British-bred Thoroughbred racehorse

Plack (1921–1940) was a British Thoroughbred racehorse and broodmare. As a juvenile in 1923 when she won three races and finished second to Diophon in the Middle Park Stakes. In the following year she recorded her biggest victory when taking a very strong renewal of the 1000 Guineas and then finished second in the Epsom Oaks. Later that year she added wins in the Newmarket Oaks and the Jockey Club Cup. She failed to win in 1925 but was placed in the Coronation Cup, Hardwicke Stakes, Doncaster Cup and Jockey Club Cup. Despite producing few foals she had some influence as a broodmare.

==Background==
Plack was a chestnut mare bred and owned by Archibald Primrose, 5th Earl of Rosebery. During her racing career he was trained by Jack Jarvis at the Park Lodge at Newmarket, Suffolk.
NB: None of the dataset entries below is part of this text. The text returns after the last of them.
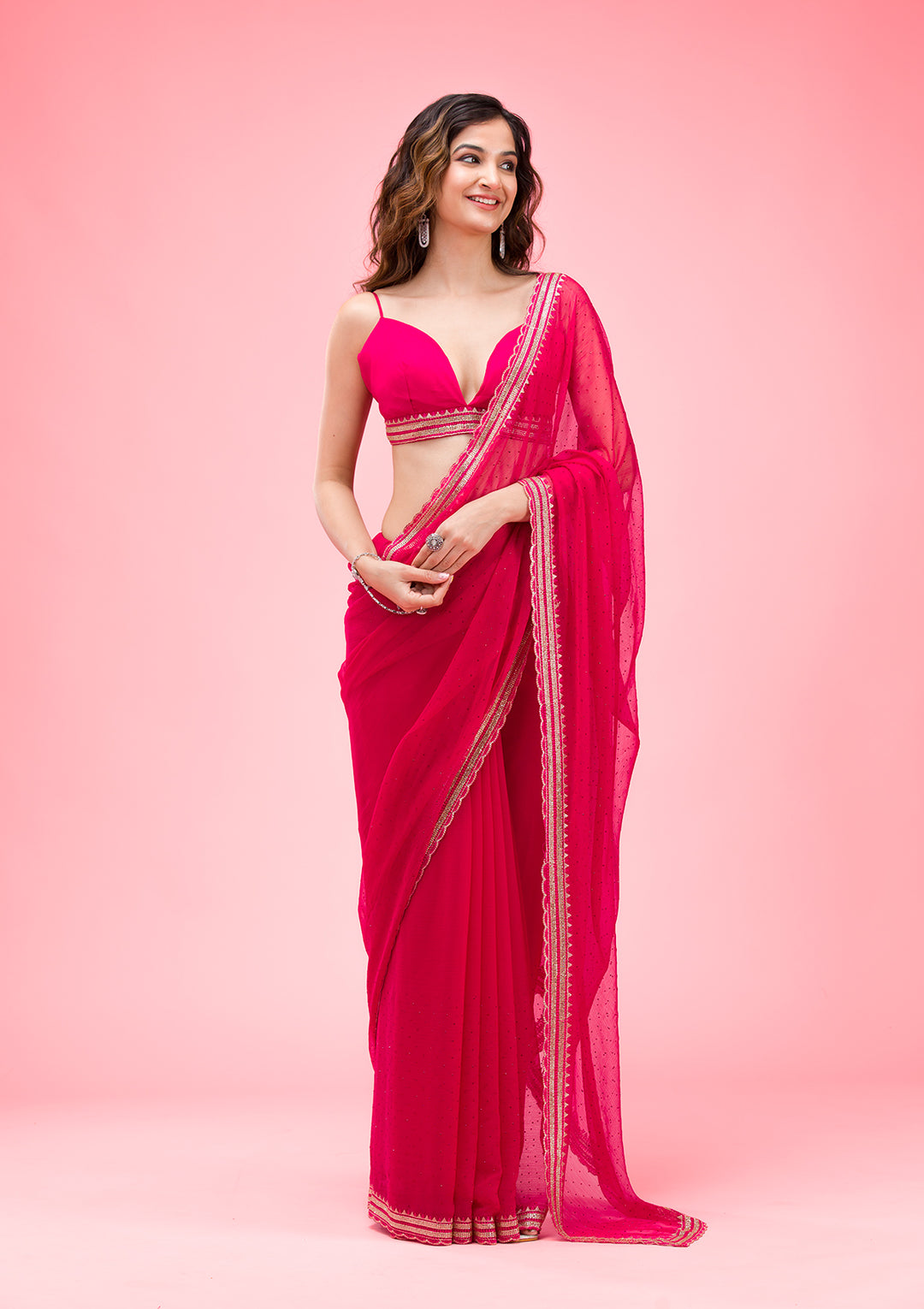 Rani Pink Chiffon Gold Zariwork Saree With Matching Blouse Piece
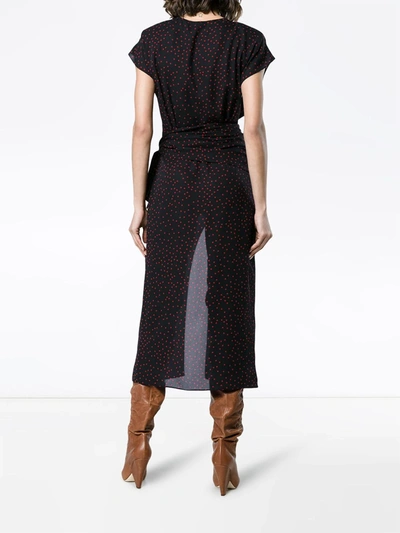 Shop Magda Butrym Diablo Gathered Silk Midi Dress In Black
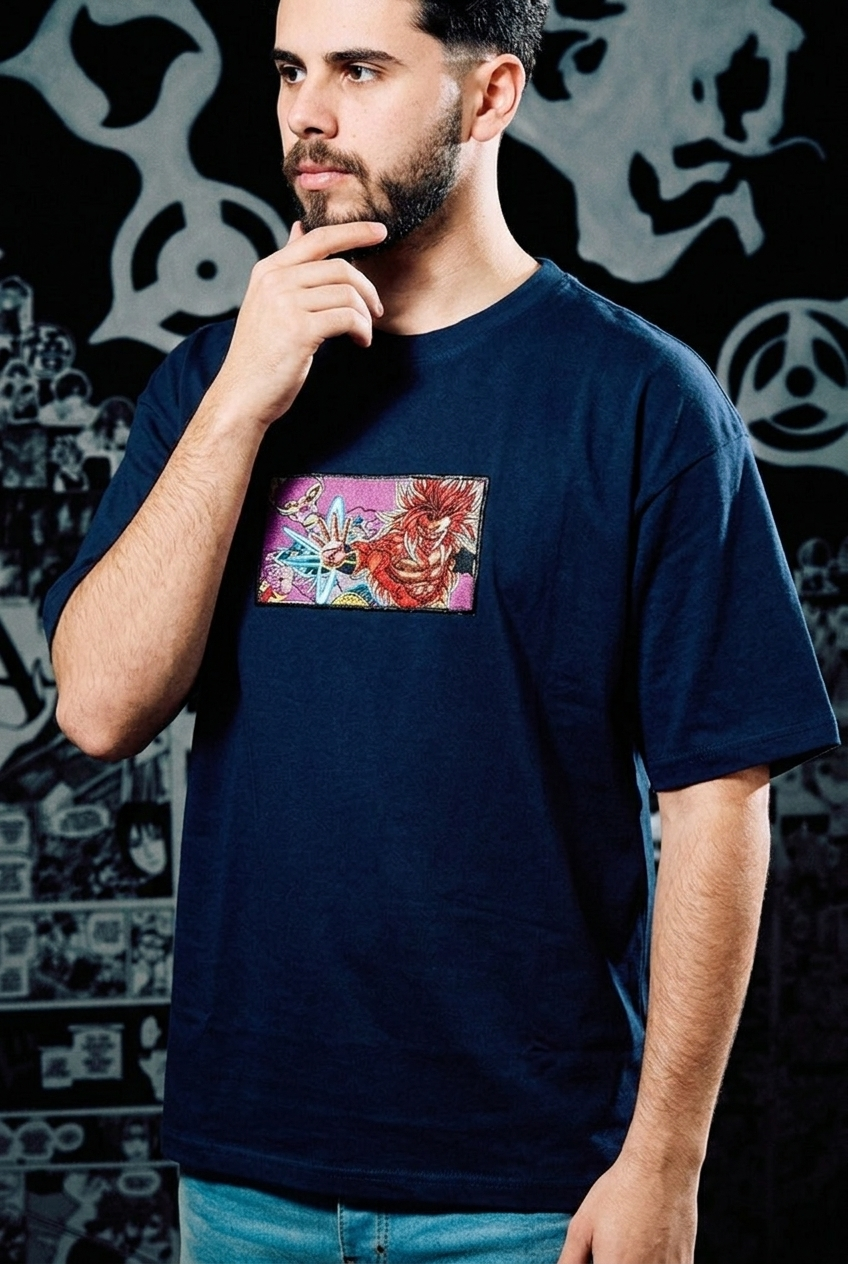 Dragon Ball T-Shirt – Broly vs Beerus Comic Panel Edition - Navy Blue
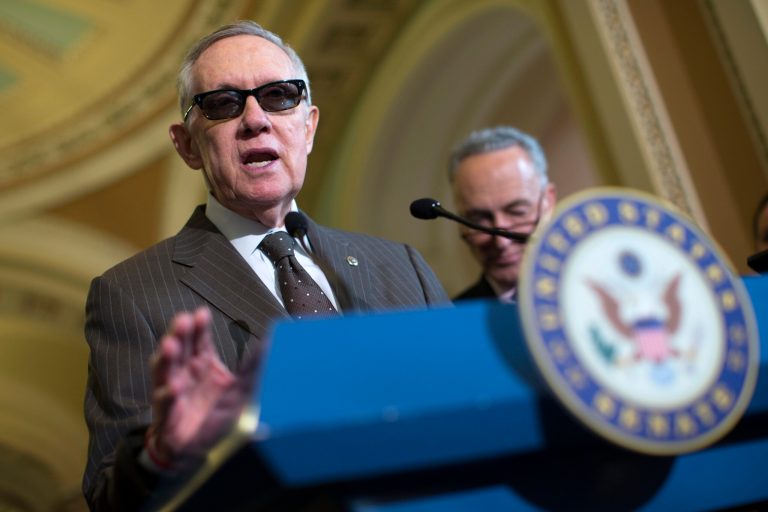 Senate Minority Leader Sen. Harry Reid of Nev., speaks during a news conference on Capitol Hill in Washington. (AP Photo/Evan Vucci)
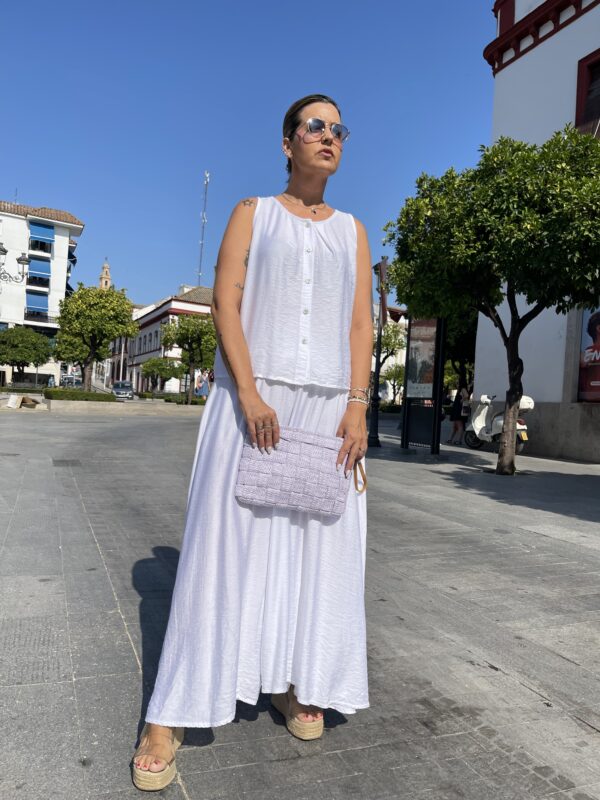 Conjunto Brisa (pantalón efecto falda) blanco. - Imagen 2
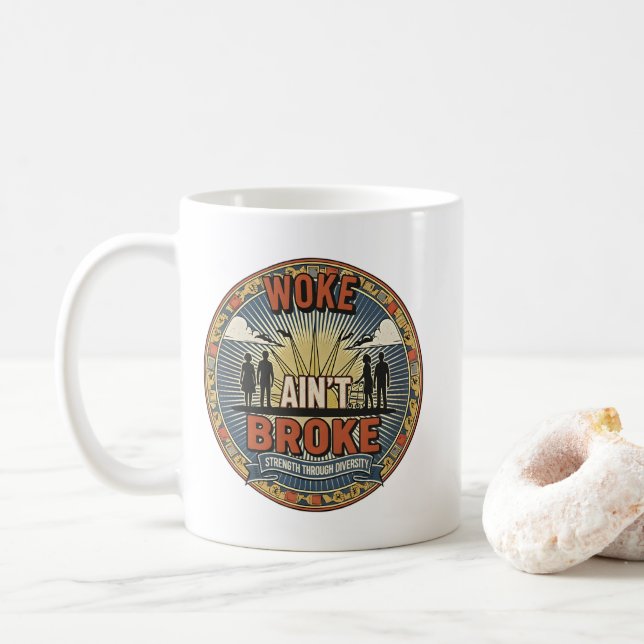 De Café Taza Desperté y No Estoy Roto (Con donut)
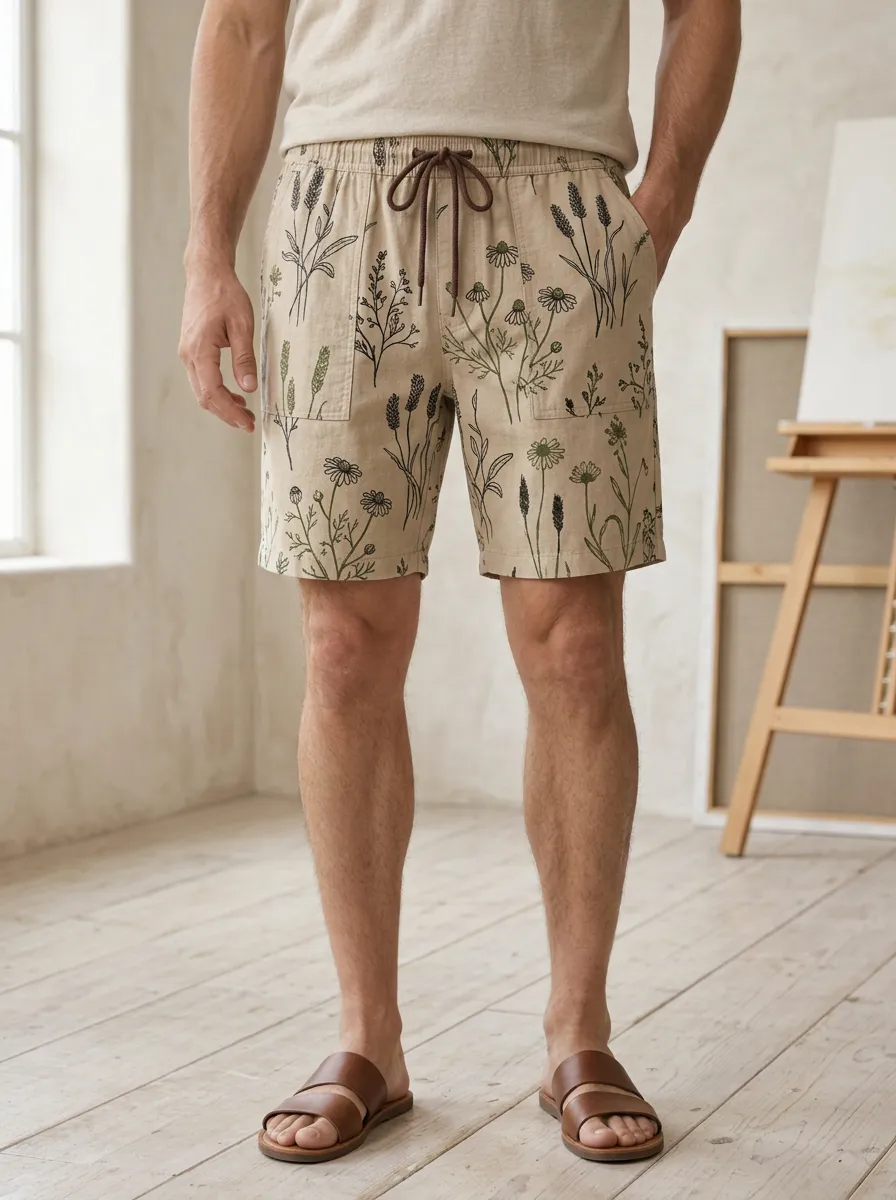 Men's Relaxed Botanical Nature Wildflower Drawstring Shorts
Physically, she was described as being built on a "generous scale with a look of speed in the easy play of her limbs".

She was from the third crop of foals sired by the unbeaten champion, Hurry On, making her a representative of the Godolphin Arabian sire line. Hurry On sired numerous other major winners including Captain Cuttle, Coronach, Call Boy, Pennycomequick, Cresta Run and Precipitation. Plack's dam Groat was a granddaughter of Montem, a broodmare whose other descendants included Sweet Solera, Aunt Edith, Colombo, Ellangowan and Blind Luck.

==Racing career==
===1923: two-year-old season===
She recorded her first victory in the Lennox Maiden Plate at Hurst Park and followed up by taking the Rous Plate at Doncaster Racecourse in September. Later that month she was sent to Scotland and won the Land o' Burns Nursery Handicap at Ayr, conceding at least fourteen pounds to her opponents.

On 19 October at Newmarket Plack contested the Middle Park Stakes over six furlongs and finished second, beaten one and a half lengths by the Aga Khan III's colt Diophon, after pursuing the winner "gamely to the end". In her two other starts she finished third in the Kingston Plate and unplaced in one race.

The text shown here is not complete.